GERİ ADIM ATAN KAYBEDER
➔Aslında tarife savaşı da işin görünen yüzü olabilir. Sahnenin arkasında Çin’i dünyada yalnızlaştırmak ve ABD’nin hegemonluğunu bir kez daha teyit ettirmek var gibi geliyor bana. Yani kim kimi dize getirecek olayını yaşıyor olabiliriz.
➔Çin, ABD’ye diş geçirebilirse gelecekte başka ülkeler de bu yoldan gidebilir.
➔ABD, Çin’i dize getirirse hala hegemon olarak kalacak. Çin bunu dedirtmemek için, ekonomisini zora sokma pahasına, acı çekerek sonuna kadar direnebilir.
➔Durum ortaya koyduğumuz gibiyse tarife görüşmeleri çok çetin, çok zor ve uzun sürebilir. Bu görüşmeler sırasında da geri adım atan kaybeder.
➔Bu oyunda ABD’nin kaybedeceği çok şeyi var. Ya da bu oyunu uzun süre sürdürmesi zor görünüyor.

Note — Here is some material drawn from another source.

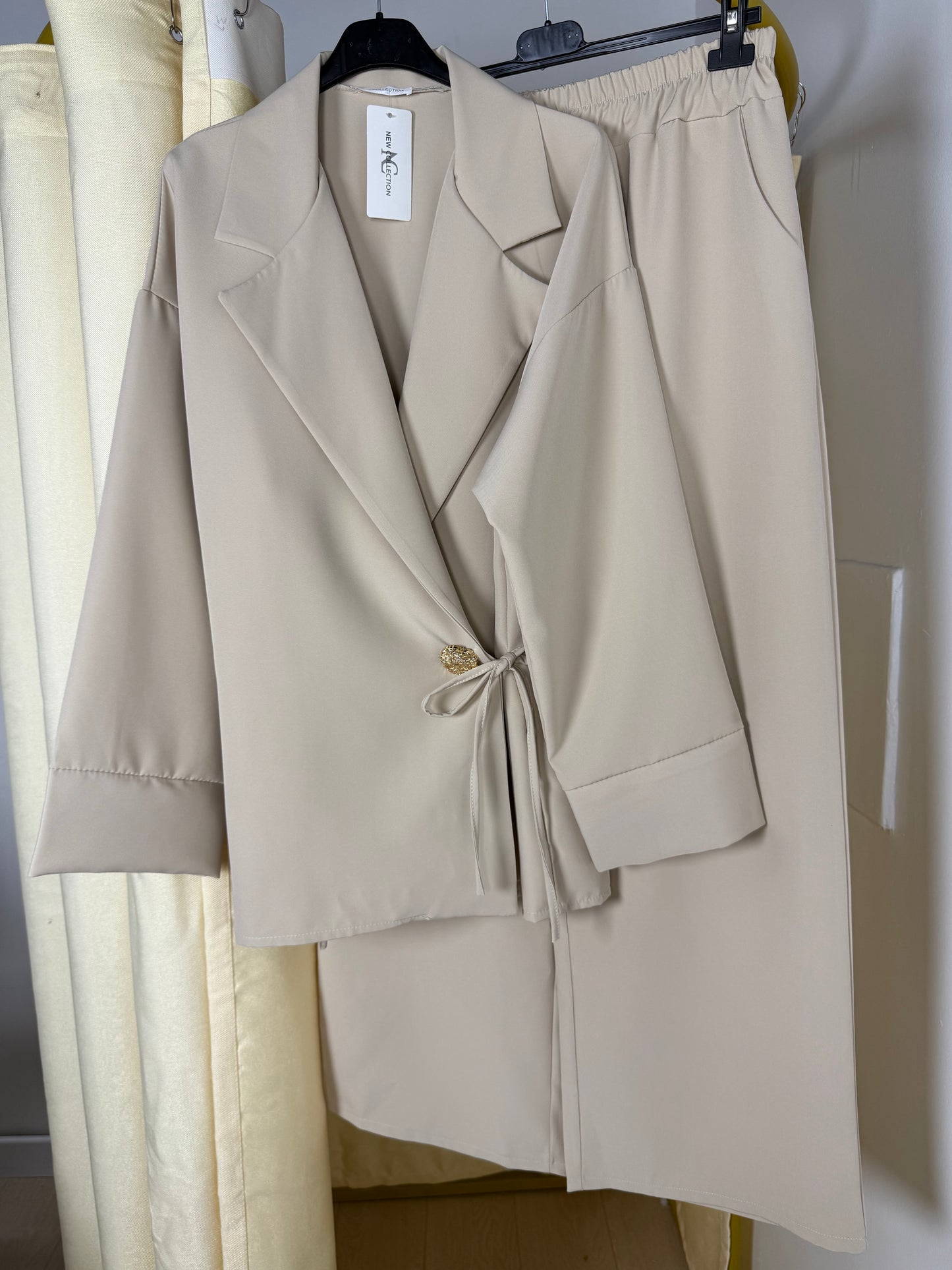 Ensemble blazer pantalon ZOE à broche doré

➔Çin’in kaybı ise daha az olabilir ya da gerginlik oyununu daha uzun süre devam ettirebilir.
İKİ ÜLKENİN FARKI NEREDE?
➔Çünkü iki ülke arasındaki temel fark demokraside. Çin otokrat bir rejimle yöneliyor ve Jinping’in seçim gibi bir derdi yok. Ömür boyu görevini sürdürme garantisi almış.
➔Trump ise 4 yıllığına gelmiş ve gelecek yıl ara seçime girecek. Kaybederse güçten düşecek ve topal ördeğe dönecek.
➔Kaldı ki, küresel sistemin de temelini oluşturan derin ve büyük finansal piyasaları iyi çalışıyor. Demokles’in kılıcı gibi, yönetimin büyük yanlışlarına ceza kesiyor.
➔Buna ilaveten görüşmeler uzar, gelecek yıla kalırsa ABD’liler yaz tatiline çıkamaz veya yılbaşı alışverişini doğru dürüst yapamazsa bunu bir kenara yazarlar.